> **WHAT TO DO**
Exactly the lines from the line containing "KAWASAKI 650 S schwarz - gold - 6" through the last line of the entries below should appear in the answer, reproduced verbatim.

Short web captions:
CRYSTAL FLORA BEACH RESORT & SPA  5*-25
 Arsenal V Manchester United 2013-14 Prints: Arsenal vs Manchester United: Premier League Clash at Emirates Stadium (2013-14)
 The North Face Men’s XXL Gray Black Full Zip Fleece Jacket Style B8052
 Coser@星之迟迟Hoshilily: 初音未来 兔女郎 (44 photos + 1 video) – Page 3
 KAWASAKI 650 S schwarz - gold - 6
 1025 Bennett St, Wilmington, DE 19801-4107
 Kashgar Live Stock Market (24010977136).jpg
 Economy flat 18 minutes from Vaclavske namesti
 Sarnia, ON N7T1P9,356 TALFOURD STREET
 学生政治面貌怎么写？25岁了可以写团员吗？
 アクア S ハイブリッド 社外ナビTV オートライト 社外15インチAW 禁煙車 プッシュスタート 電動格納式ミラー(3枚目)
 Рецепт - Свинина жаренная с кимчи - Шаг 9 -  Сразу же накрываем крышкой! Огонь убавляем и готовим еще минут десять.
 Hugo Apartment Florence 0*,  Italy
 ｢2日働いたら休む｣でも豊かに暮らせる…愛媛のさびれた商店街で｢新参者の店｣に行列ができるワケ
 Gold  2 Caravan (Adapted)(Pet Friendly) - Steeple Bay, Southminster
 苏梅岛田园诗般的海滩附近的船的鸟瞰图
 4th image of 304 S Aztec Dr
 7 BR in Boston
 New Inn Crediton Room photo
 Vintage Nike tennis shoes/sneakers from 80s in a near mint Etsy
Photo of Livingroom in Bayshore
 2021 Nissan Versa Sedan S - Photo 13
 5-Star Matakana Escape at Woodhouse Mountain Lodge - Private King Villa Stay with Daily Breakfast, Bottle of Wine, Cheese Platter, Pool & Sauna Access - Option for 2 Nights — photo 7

> **WRITTEN REPLY**
 KAWASAKI 650 S schwarz - gold - 6
 1025 Bennett St, Wilmington, DE 19801-4107
 Kashgar Live Stock Market (24010977136).jpg
 Economy flat 18 minutes from Vaclavske namesti
 Sarnia, ON N7T1P9,356 TALFOURD STREET
 学生政治面貌怎么写？25岁了可以写团员吗？
 アクア S ハイブリッド 社外ナビTV オートライト 社外15インチAW 禁煙車 プッシュスタート 電動格納式ミラー(3枚目)
 Рецепт - Свинина жаренная с кимчи - Шаг 9 -  Сразу же накрываем крышкой! Огонь убавляем и готовим еще минут десять.
 Hugo Apartment Florence 0*,  Italy
 ｢2日働いたら休む｣でも豊かに暮らせる…愛媛のさびれた商店街で｢新参者の店｣に行列ができるワケ
 Gold  2 Caravan (Adapted)(Pet Friendly) - Steeple Bay, Southminster
 苏梅岛田园诗般的海滩附近的船的鸟瞰图
 4th image of 304 S Aztec Dr
 7 BR in Boston
 New Inn Crediton Room photo
 Vintage Nike tennis shoes/sneakers from 80s in a near mint Etsy
Photo of Livingroom in Bayshore
 2021 Nissan Versa Sedan S - Photo 13
 5-Star Matakana Escape at Woodhouse Mountain Lodge - Private King Villa Stay with Daily Breakfast, Bottle of Wine, Cheese Platter, Pool & Sauna Access - Option for 2 Nights — photo 7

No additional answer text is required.